Editor’s Note: Andrew Keen is a British-American entrepreneur and professional skeptic. He is the author of “The Cult of the Amateur,” and the upcoming (June 2012) “Digital Vertigo.” This is the latest in a series of commentaries for CNN looking at how internet trends are influencing social culture.
Story highlights
Digital conference in Germany pits Facebook against European regulators over data use
Commentator Andrew Keen says argument highlights data's role as oil of digital age
Keen also questions notion that internet is an engine of progress
Just as the politics of oil shaped the 20th century industrial economy, so the politics of data will shape the 21st century digital economy.
At this week’s Digital Life Design (DLD), a prestigious technology conference held annually in Munich, the fault lines of the political debate about data were exposed by the event’s two keynote speakers: The European Commission’s vice president for justice, Viviane Reding, and Facebook’s chief operating officer, Sheryl Sandberg.
Reding and Sandberg were in agreement about one thing: personal data is the new oil, the vital fuel of our digital economy.
But that’s about all they agreed on at DLD. In every other respect, their priorities and agendas represent the bookends of an increasingly fractious debate that is pitting European politicians like Reding against American social media networks such as Sandberg’s Facebook.
Reding’s focus is on the consumer’s control of their own data. “Personal data is the currency of today’s digital market. And like any currency, it needs stability and trust,” Reding argued in the opening keynote of the conference.
That “stability” and “trust”, she believes, can only be won by legislating in favor of consumers’ ability to protect their personal data. The great threat to individual liberty in the digital age, Reding argued at DLD, comes from companies that use our data to enrich themselves – buying and selling our most intimate details for their own corporate benefit.
Individual privacy in today’s networked age, she argued, can only be protected by tighter legislation on what companies can do with our data and by more aggressive data-protection officers and agencies.

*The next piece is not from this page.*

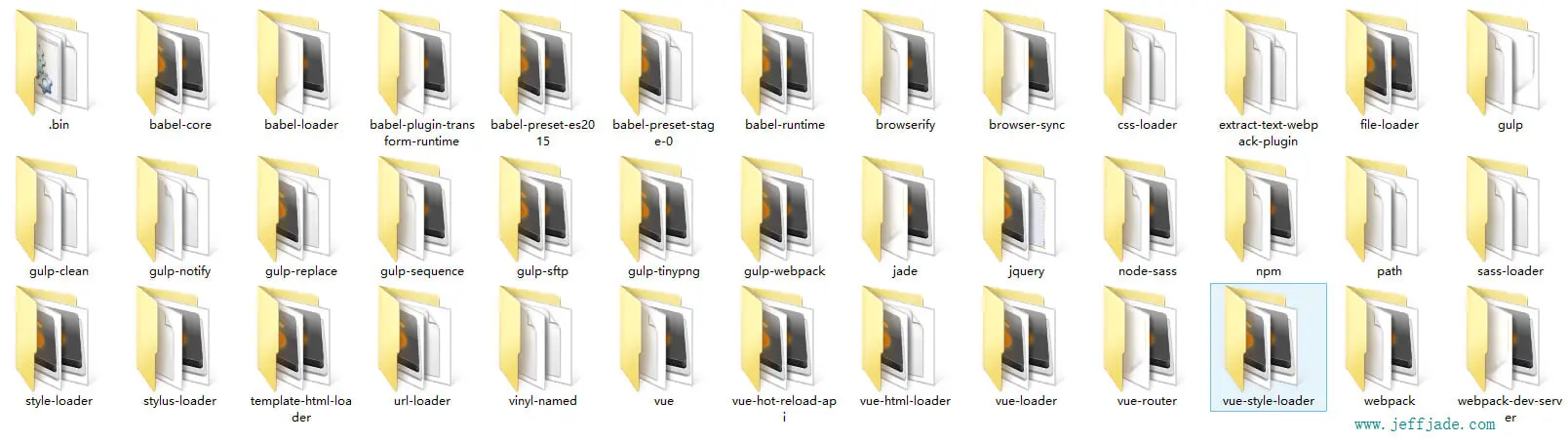 Vue ES6 Jade Scss Webpack Gulp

To this end, Reding is introducing legislation which will give consumers the right to be forgotten on online social networks like Facebook and Twitter .

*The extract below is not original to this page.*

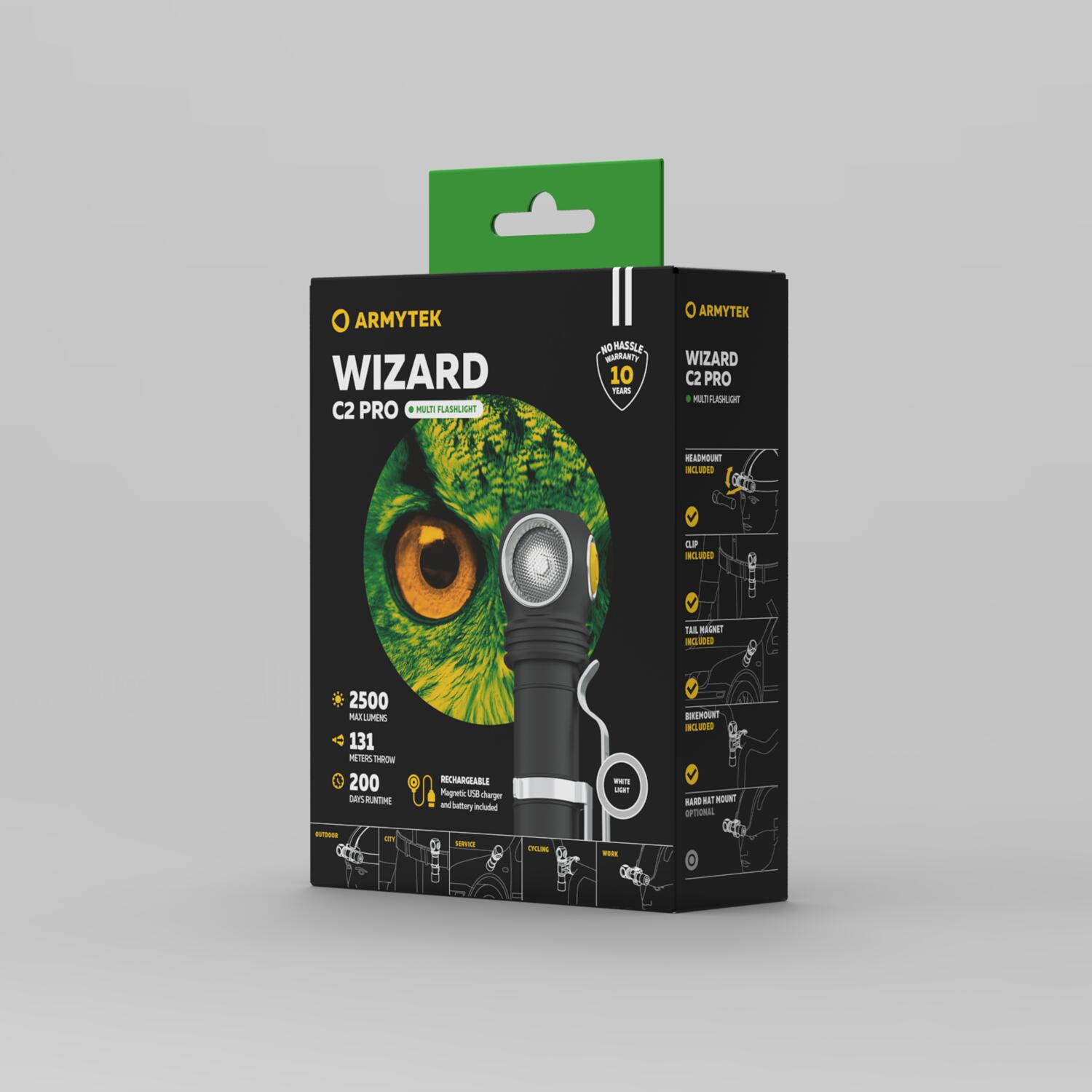 ARMYTEK WIZARD C2 PRO MAGNET USB White 2/7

“The journey has only just begun”, Sandberg told the DLD audience in the final speech of the event. But this is a journey– of a data revolution driven by powerful social networks like Facebook – that Sandberg, in contrast with Reding, relishes. What we do online is increasingly who we are, she said. “We are our real identities online.”
Rather than wanting to be forgotten, Sandberg believes that we all want to be remembered. All this personal data empowers us, Facebook’s second most powerful executive insisted. It represents a shift to what she called “authentic identity,” from the wisdom of the crowd to “wisdom of our friends.”

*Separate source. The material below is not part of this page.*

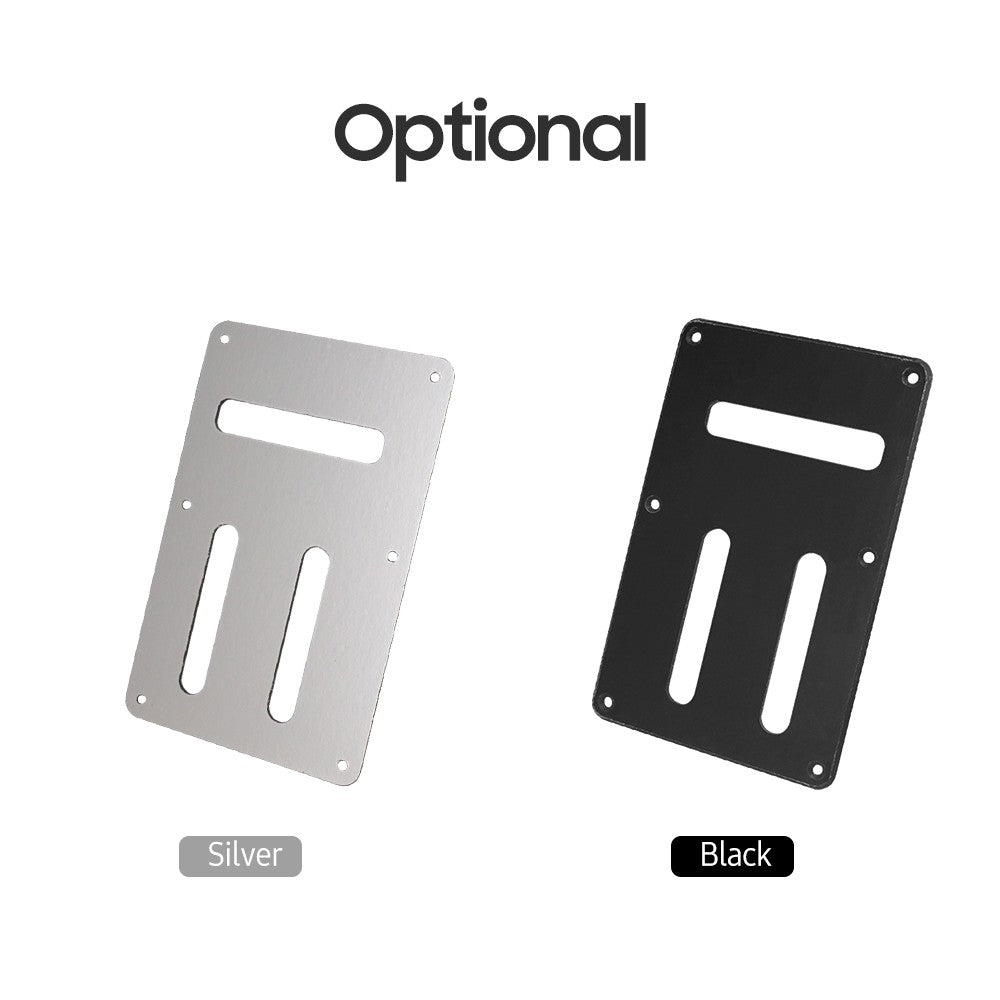 Electric Guitar Back Plate with 6 Holes & 3 Slots - Tremolo Spring Cover & Circuit Protector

Above all, she said, it turns all of us from being passive receivers of other people’s information into active broadcasters of our own lives.
The digital data revolution is “a really big deal,” Sandberg insisted at DLD. It represents a profound shift in the balance of power between institutions and individuals. The sharing of information reshapes our lives; it brings us together and empowers us.
And it makes us richer too, she argued, suggesting that Facebook alone had created 230,000 jobs and is even committed to giving 50,000 European small businesses €100 euros ($130) apiece to develop their social identities.
Reding and Sandberg’s presentations represented the first and last speeches of the three day event. But their speeches were separated by more than just 72 hours. There’s a gulf, perhaps even an inseparable chasm, between the two women’s assumptions about both the value and role of personal data in our increasingly digital society.
I’m not sure if Sandberg is correct to argue that the digital journey of the 21st century is only just beginning. But I am pretty certain that this debate about the politics of data will run and run in a world in which personal data is increasingly the oil powering our digitally connected economy.
Internet: An engine of progress or hate?
There was much talk at DLD about the internet representing a historic shift of power – from the nation-state to the 21st century empowered individual. From Alec Ross, U.S. Secretary of State Hillary Clinton’s special Advisor on innovation, to Katie Stanton, Twitter’s head of global innovation, and to Wikipedia co-founder Jimmy Wales, the DLD core message was that the internet represented a vehicle of democratic progress and global toleration.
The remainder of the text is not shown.